Write every entry out again exactly, please, and skip the pictures.

[Scraped caption text data]
[Start of Attachment]
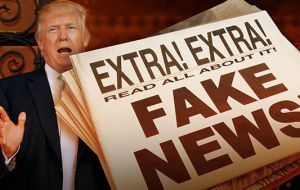 La iniciativa se plasma en un momento particular: Trump multiplica ataques contra los medios, calificándolos regularmente de “Fake News” (Noticias falsas)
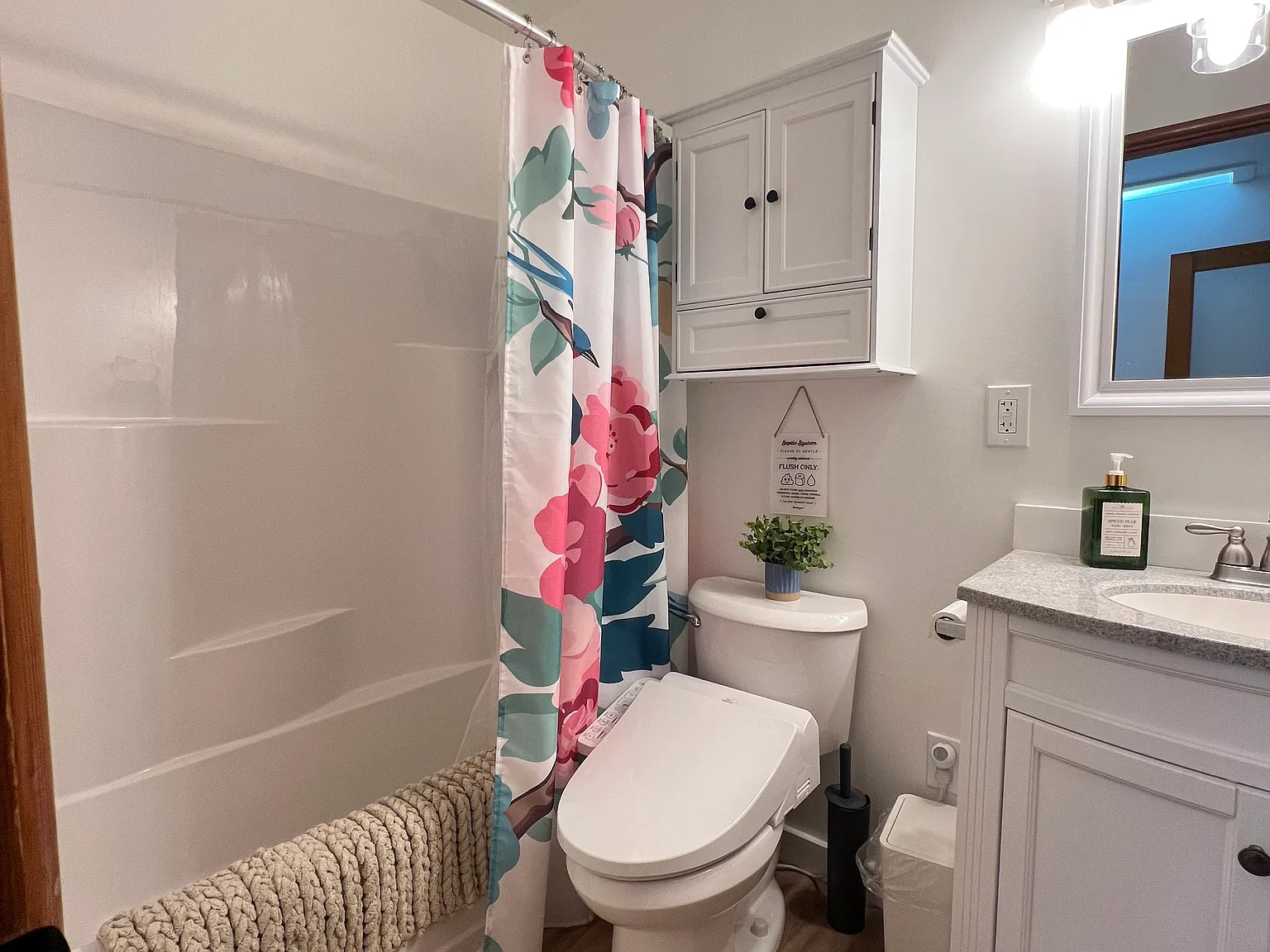 1 bed, $2,400 — Photo 2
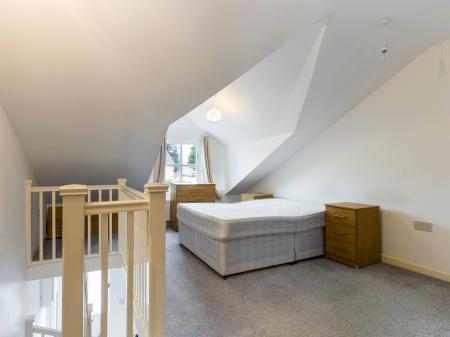 1 bedroom Mews house to let in The Grove, Uplands, Swansea, SA2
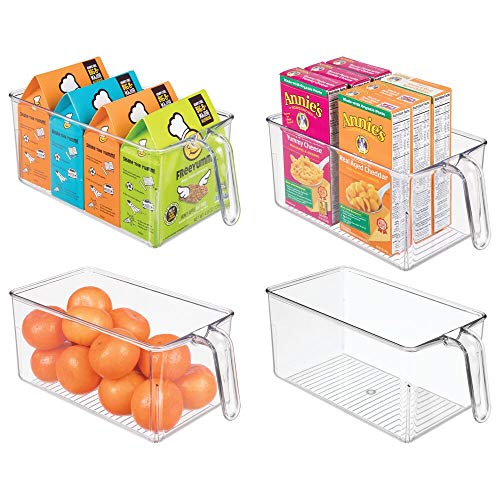 mDesign Juego de 4 cajas de almacenamiento de plástico – Ideal para los armarios de cocina o como organizador de frigorífico – Caja organizadora abierta con asa incorporada – transparente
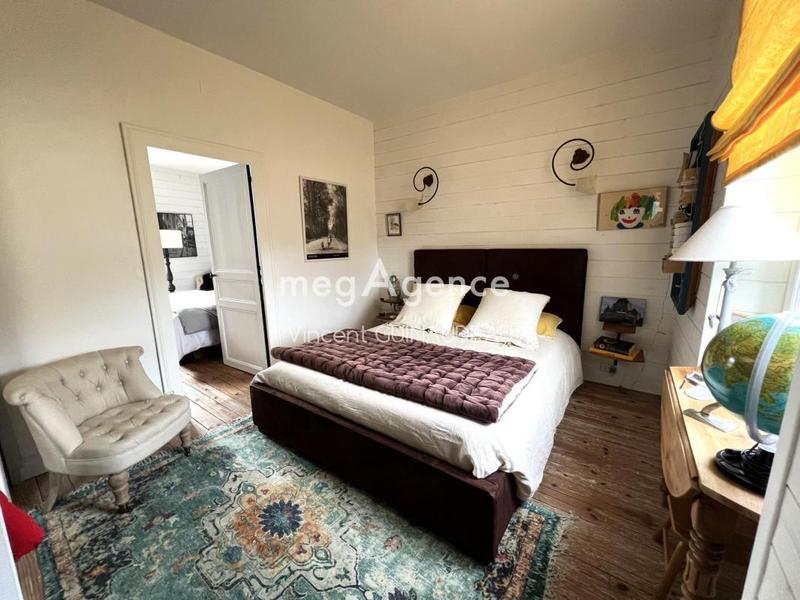 Maison - 208 m² - 9 pièces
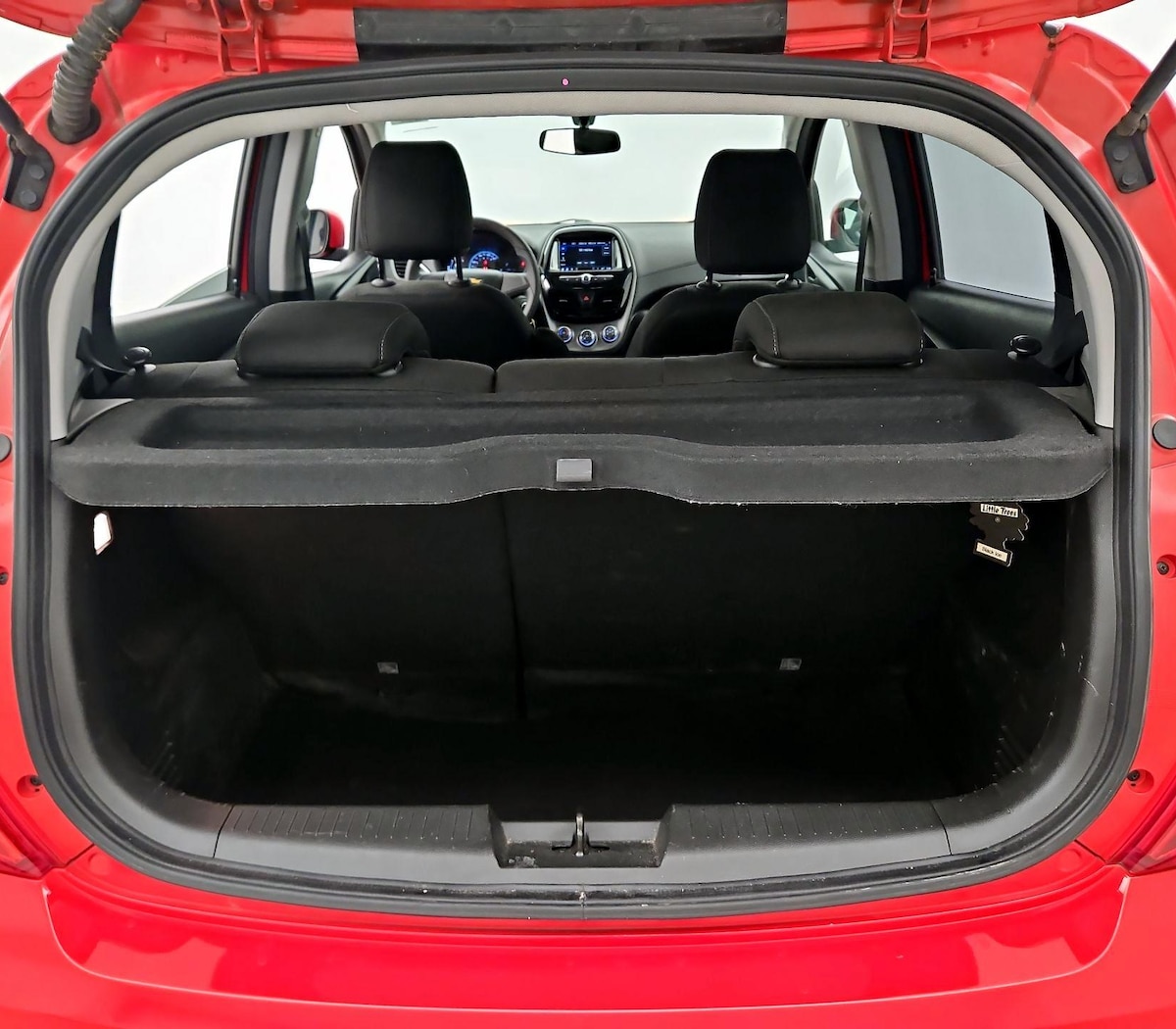 Trunk/Cargo (Seats Up)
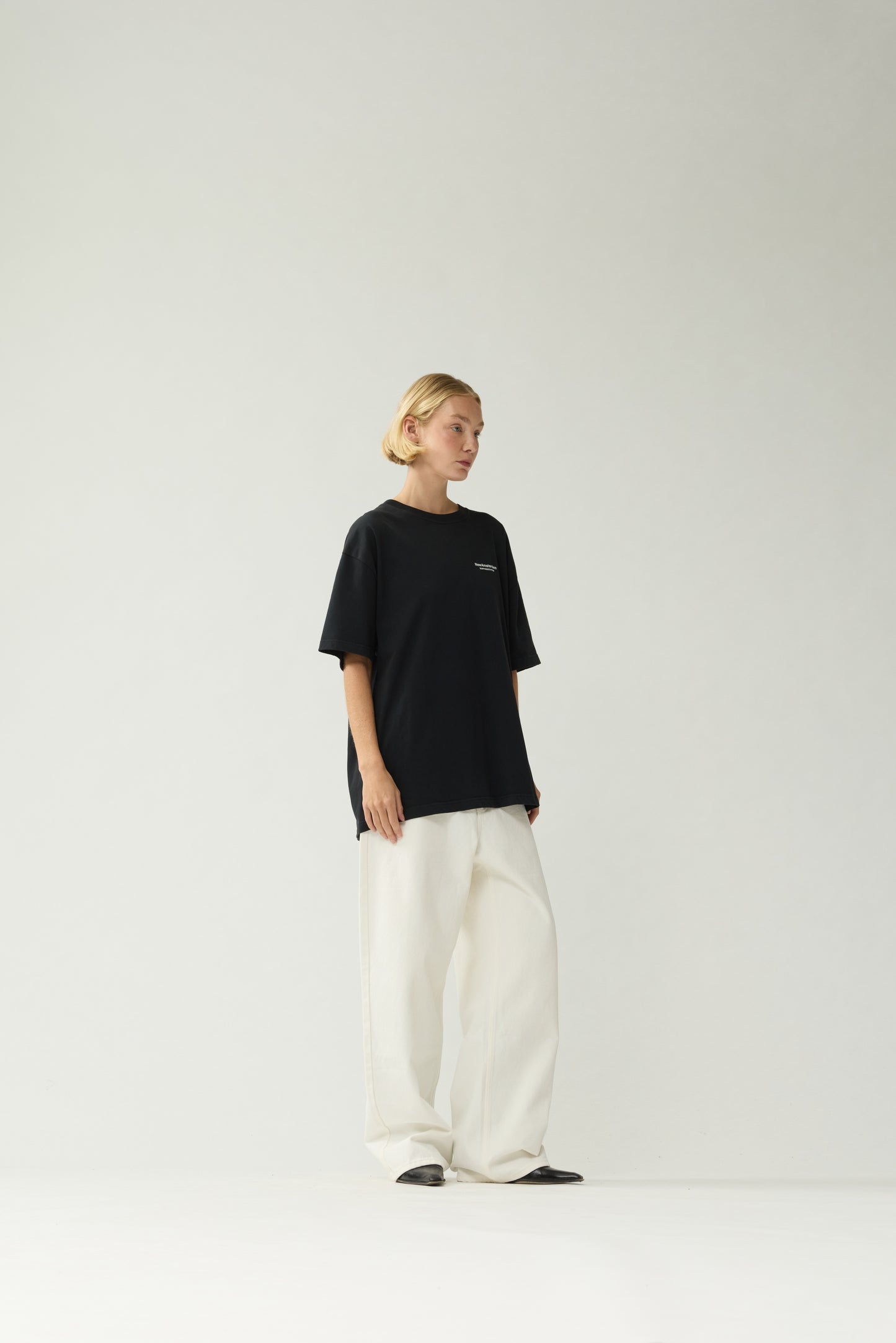 KNOCKED TEE | Black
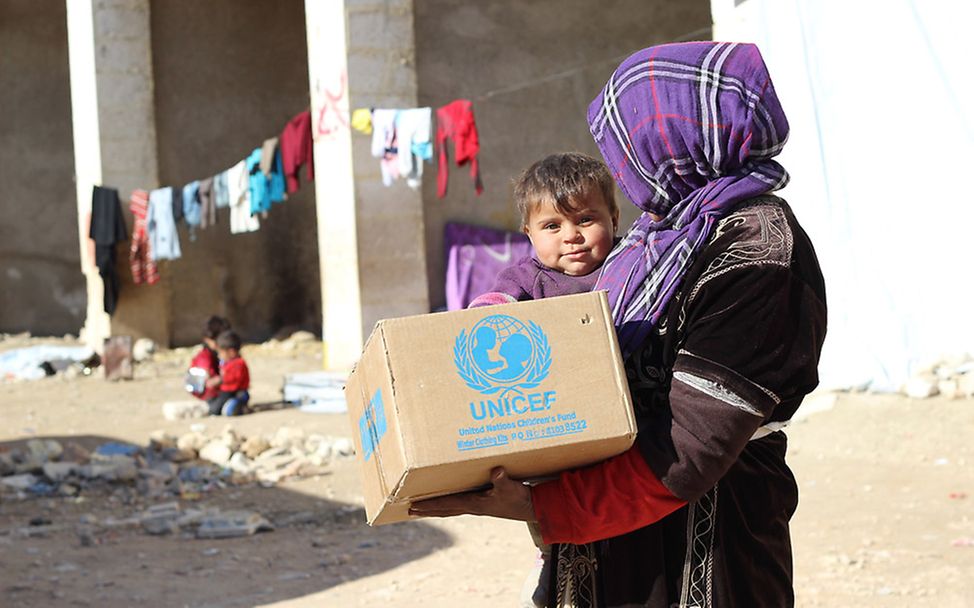 Aleppo Nothilfe: UNICEF liefert Winterpakete für Kinder in Aleppo/Syrien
[End of Attachment]
◆ SOLUTION ◆
 La iniciativa se plasma en un momento particular: Trump multiplica ataques contra los medios, calificándolos regularmente de “Fake News” (Noticias falsas)
 1 bed, $2,400 — Photo 2
 1 bedroom Mews house to let in The Grove, Uplands, Swansea, SA2
 mDesign Juego de 4 cajas de almacenamiento de plástico – Ideal para los armarios de cocina o como organizador de frigorífico – Caja organizadora abierta con asa incorporada – transparente
 Maison - 208 m² - 9 pièces
 Trunk/Cargo (Seats Up)
 KNOCKED TEE | Black
 Aleppo Nothilfe: UNICEF liefert Winterpakete für Kinder in Aleppo/Syrien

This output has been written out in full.